The majority’s argument that A.B. 51 is not subject to the equal-footing principle because the statute applies in the absence of an executed agreement, while the FAA applies only when a mutual arbitration agreement exists, contradicts Supreme Court precedent. As Judge Ikuta aptly noted, the Supreme Court has held the FAA is concerned with not only the enforcement of an arbitration agreement but also “what it takes to enter into them.”49 In Kindred Nursing Centers Ltd. v. Clark,50 the Court established that both the text of the FAA and case law reject the argument that the FAA applies only if a valid arbitration agreement has been formed.51 Else, the Court hypothesized, states could easily skirt the FAA by establishing statutes that specifically prohibit the formation of arbitration agreements altogether.52 The majority’s reliance on an ex ante / ex post bifurcation within the FAA runs directly counter to Kindred Nursing; A.B. 51’s application to only preagreement behavior does not insulate it from having to satisfy the FAA’s saving clause and the equal-footing principle.
While the sterile lens of an injunction obscures A.B. 51’s impact, an as-applied hypothetical demonstrates how the law fails the equal-footing principle by creating a higher bar for consent in arbitration agreements as compared to other contractual terms. Imagine a job applicant who refuses to sign an employment contract unless its arbitration provision is removed. Because of this refusal, the employer declines to hire the applicant.

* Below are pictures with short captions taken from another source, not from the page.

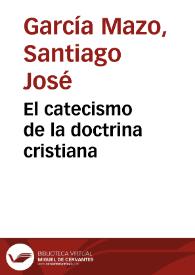 El catecismo de la doctrina cristiana | Biblioteca Virtual Miguel de Cervantes
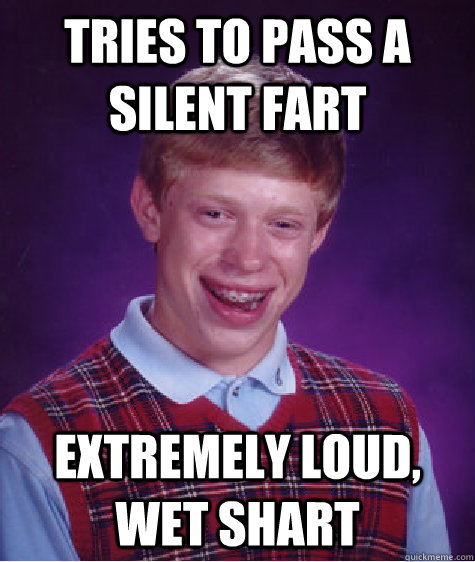 tries to pass a silent fart extremely loud, wet shart - tries to pass a silent fart extremely loud, wet shart  Bad Luck Brian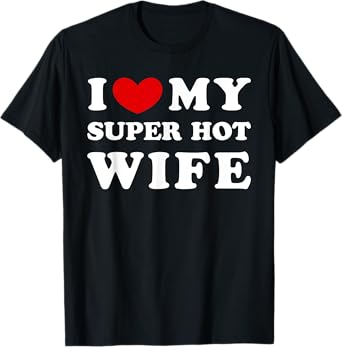 I Love My Super Hot Wife, I Heart My Super Hot Wife T-Shirt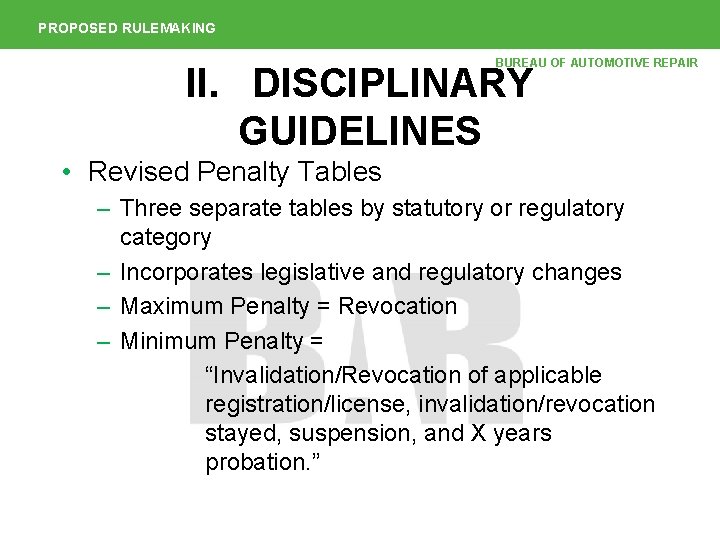 PROPOSED RULEMAKING BUREAU OF AUTOMOTIVE REPAIR II. DISCIPLINARY GUIDELINES • Revised Penalty Tables –
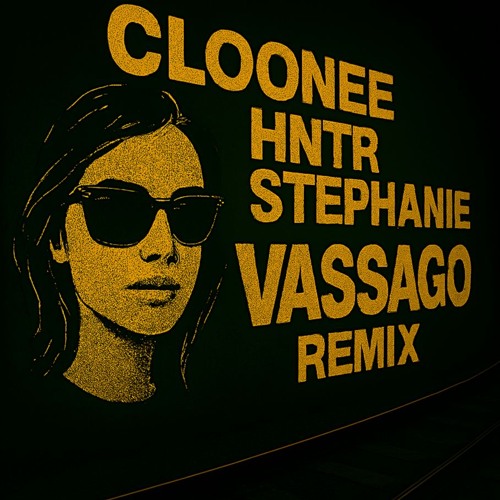 Cloonee STEPHANIE HNTR (Vassago Remix)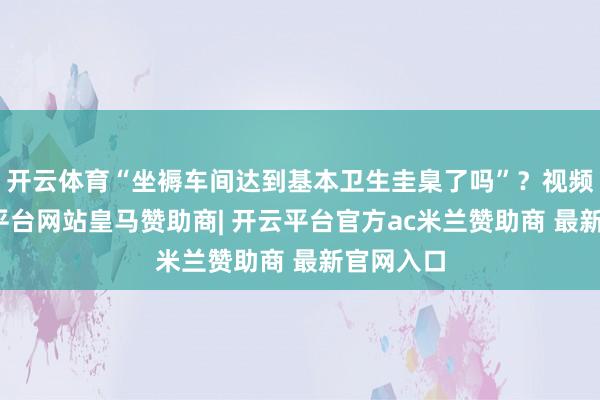 开云体育“坐褥车间达到基本卫生圭臬了吗”？视频中-开云平台网站皇马赞助商| 开云平台官方ac米兰赞助商 最新官网入口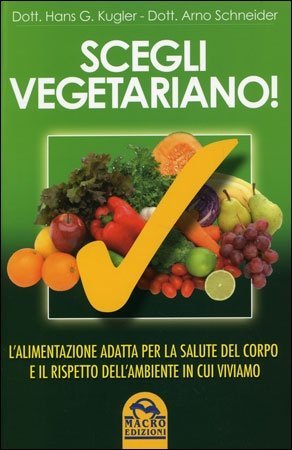 Scegli Vegetariano! - Libro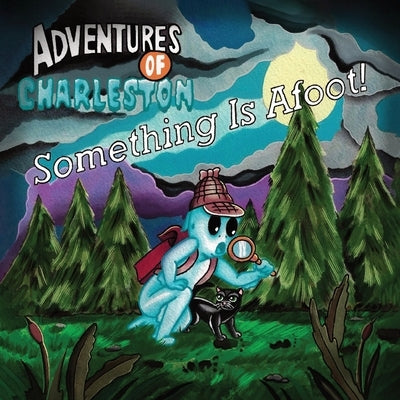 Something Is Afoot!: Adventures of Charleston by Andrus, Brad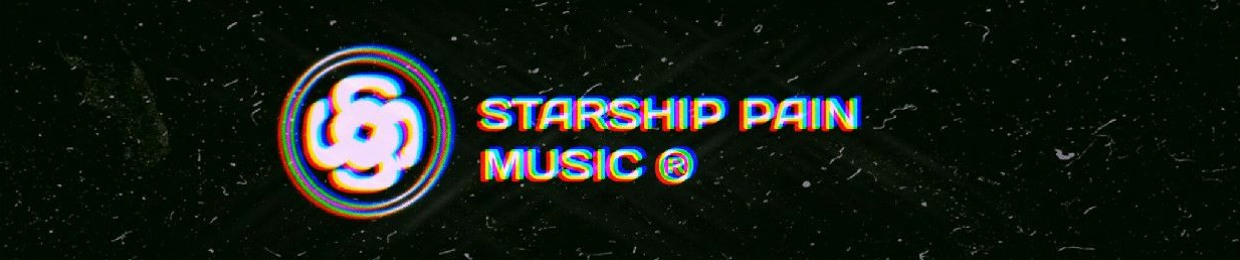 Starship Pain Music 🎵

A.B. 51, pursuant to the Ninth Circuit’s decision, would subject the employer to civil or criminal liability.53 Thus, the majority’s assertion that A.B. 51 does nothing more than “assure that entry into an arbitration agreement . . . is mutually consensual”54 presumes an arbitration clause is consensual only if an employee can reject it without fear of their application or employment being terminated. But A.B. 51 obviously would not protect the same individual if, for example, they rejected the contract because they sought higher wages, more robust healthcare benefits, or sustainable working hours. Thus, A.B. 51 disfavors arbitration clauses relative to other contract terms within employment contracts.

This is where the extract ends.